**PROBLEM STATEMENT**:
In the records below, find the line containing "30pcs Corpse Bride" and the line containing "Curl Hard Nickerchen"; please repeat exactly the lines from one to the other, both included, and nothing more.

**MATERIAL TO PROCESS**:
##########

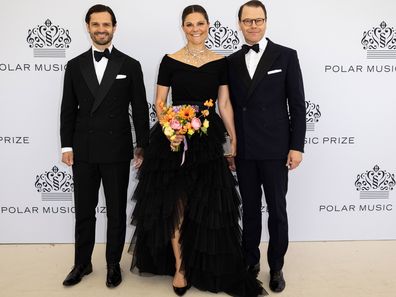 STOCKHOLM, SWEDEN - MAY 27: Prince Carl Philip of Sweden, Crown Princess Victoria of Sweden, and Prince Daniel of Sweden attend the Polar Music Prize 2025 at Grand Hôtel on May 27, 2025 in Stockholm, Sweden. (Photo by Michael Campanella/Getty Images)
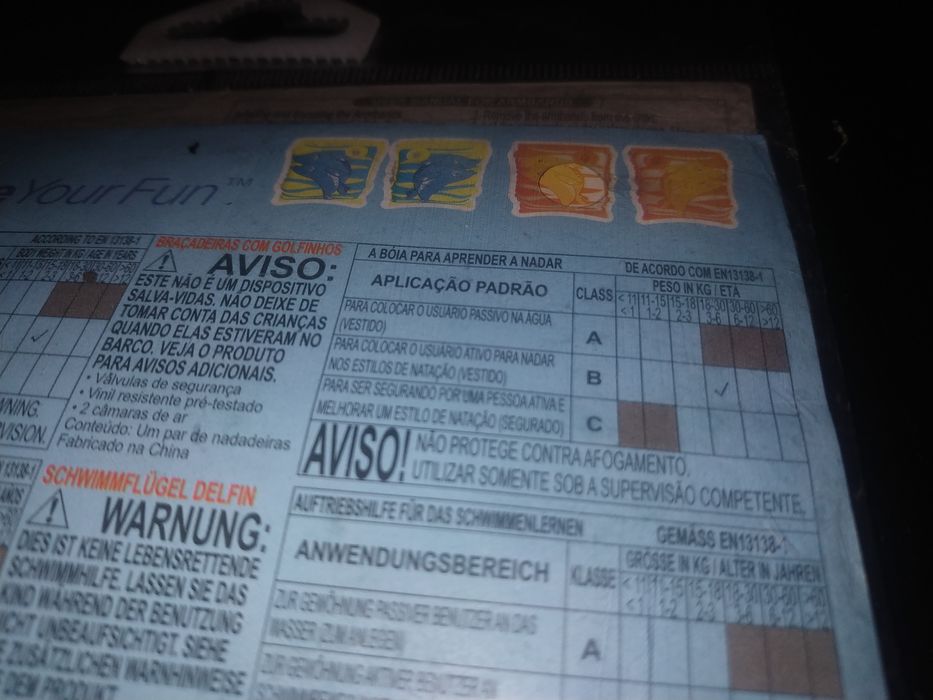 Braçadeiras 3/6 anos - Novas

##########

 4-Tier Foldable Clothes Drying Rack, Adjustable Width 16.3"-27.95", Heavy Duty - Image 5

##########

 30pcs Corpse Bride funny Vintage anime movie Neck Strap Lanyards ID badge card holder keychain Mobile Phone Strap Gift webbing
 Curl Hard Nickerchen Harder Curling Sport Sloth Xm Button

##########

**EXERCISE OUTPUT**:
 30pcs Corpse Bride funny Vintage anime movie Neck Strap Lanyards ID badge card holder keychain Mobile Phone Strap Gift webbing
 Curl Hard Nickerchen Harder Curling Sport Sloth Xm Button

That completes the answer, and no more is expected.